Solving inqualities by Using addition and subtract Options

[demolished]

Solving inqualities by Using addition and subtraction

PROBLEM 1
6r > 10r - r -3r
6r > 9r - 3r
6r > 6r < -- i'm stuck .. what do i do ?

do i cancel them out w/ 6, it will end up r > r, if i cancel out w/ 1, it would be 0 > 0

i'm so confused. So, am i right or wrong ... if wrong, help me please.

PROBLEM 2
3.2x < 2x-(9 -1.2x)

do i distribute ... 2x-9 and 2x - -1.3x ?

PROBLEM 3

3 over 2 q minus 25 over 5 exact greater then 2 q over 4
For this problem, is the answer 5 exact greater then q ? if not, dont tell me the answer.

[Spirited Away]

Solving inqualities by Using addition and subtraction

PROBLEM 1
6r > 10r - r -3r
6r > 9r - 3r
6r > 6r      < -- i'm stuck .. what do i do ?

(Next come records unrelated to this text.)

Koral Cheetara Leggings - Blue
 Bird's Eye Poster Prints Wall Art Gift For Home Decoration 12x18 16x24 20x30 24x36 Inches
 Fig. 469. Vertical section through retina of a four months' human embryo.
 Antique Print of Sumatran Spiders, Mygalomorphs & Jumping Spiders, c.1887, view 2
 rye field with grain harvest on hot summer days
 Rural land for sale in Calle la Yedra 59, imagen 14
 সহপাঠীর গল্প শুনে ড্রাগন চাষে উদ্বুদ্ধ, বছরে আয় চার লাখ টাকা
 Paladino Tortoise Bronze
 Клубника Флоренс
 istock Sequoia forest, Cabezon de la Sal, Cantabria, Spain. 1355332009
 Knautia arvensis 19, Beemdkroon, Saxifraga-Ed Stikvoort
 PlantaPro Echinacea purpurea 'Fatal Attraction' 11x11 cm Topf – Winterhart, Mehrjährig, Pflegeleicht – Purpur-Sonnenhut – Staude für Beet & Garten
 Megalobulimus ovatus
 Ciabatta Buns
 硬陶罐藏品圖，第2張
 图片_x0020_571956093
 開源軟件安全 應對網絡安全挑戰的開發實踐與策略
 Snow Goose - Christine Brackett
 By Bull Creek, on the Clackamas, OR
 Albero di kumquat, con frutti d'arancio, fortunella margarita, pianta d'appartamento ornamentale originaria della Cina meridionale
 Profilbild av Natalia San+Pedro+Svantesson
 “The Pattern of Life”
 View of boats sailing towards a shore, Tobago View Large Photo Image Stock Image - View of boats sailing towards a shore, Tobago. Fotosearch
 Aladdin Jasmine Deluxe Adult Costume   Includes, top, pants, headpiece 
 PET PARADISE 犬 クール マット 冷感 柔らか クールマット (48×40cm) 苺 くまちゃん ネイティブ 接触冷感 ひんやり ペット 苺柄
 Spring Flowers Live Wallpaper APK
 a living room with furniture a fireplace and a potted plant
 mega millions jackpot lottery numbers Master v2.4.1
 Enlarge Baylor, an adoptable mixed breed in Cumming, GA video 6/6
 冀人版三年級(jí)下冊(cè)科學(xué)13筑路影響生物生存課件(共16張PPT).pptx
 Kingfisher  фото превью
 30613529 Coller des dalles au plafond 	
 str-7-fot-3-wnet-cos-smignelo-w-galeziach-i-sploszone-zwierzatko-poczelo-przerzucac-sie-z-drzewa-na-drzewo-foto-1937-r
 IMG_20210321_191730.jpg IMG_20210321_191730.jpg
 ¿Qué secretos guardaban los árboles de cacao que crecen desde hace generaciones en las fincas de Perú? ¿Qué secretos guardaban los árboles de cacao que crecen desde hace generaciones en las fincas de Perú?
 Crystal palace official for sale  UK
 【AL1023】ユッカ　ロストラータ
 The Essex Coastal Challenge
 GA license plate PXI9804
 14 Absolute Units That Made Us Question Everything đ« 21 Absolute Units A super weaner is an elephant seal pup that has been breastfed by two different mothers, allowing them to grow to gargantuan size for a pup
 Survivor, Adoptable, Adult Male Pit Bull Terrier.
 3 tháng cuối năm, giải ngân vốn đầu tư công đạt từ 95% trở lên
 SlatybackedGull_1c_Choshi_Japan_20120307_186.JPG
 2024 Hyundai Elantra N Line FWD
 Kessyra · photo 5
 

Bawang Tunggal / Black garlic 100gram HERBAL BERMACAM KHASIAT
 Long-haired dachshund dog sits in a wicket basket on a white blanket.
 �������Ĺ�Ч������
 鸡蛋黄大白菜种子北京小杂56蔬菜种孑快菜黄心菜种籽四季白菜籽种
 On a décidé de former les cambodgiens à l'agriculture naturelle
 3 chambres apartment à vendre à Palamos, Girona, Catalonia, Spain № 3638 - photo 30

do i cancel them out w/ 6, it will end up r > r, if i cancel out w/ 1, it would be 0 > 0

i'm so confused. So, am i right or wrong ... if wrong, help me please.

PROBLEM 2
3.2x < 2x-(9 -1.2x)

do i distribute ... 2x-9     and 2x - -1.3x ?

PROBLEM 3

3 over 2 q minus 25 over 5  exact greater then 2 q over 4
For this problem, is the answer 5 exact greater then q ? if not, dont tell me the answer.

I'm math stupid.

Problem number 1 isn't possible, for me that is.

But anyway, problem two requires that you distribute the negative sign. So, it's
3.2x < 2x-9+1.2x
You always distribute the sign before the paranthesis

I think this the equation you need to get to the answer: 6-20q-2q^2>0 But then I'm stuck there, too.

Yes, did I say I'm math stupid?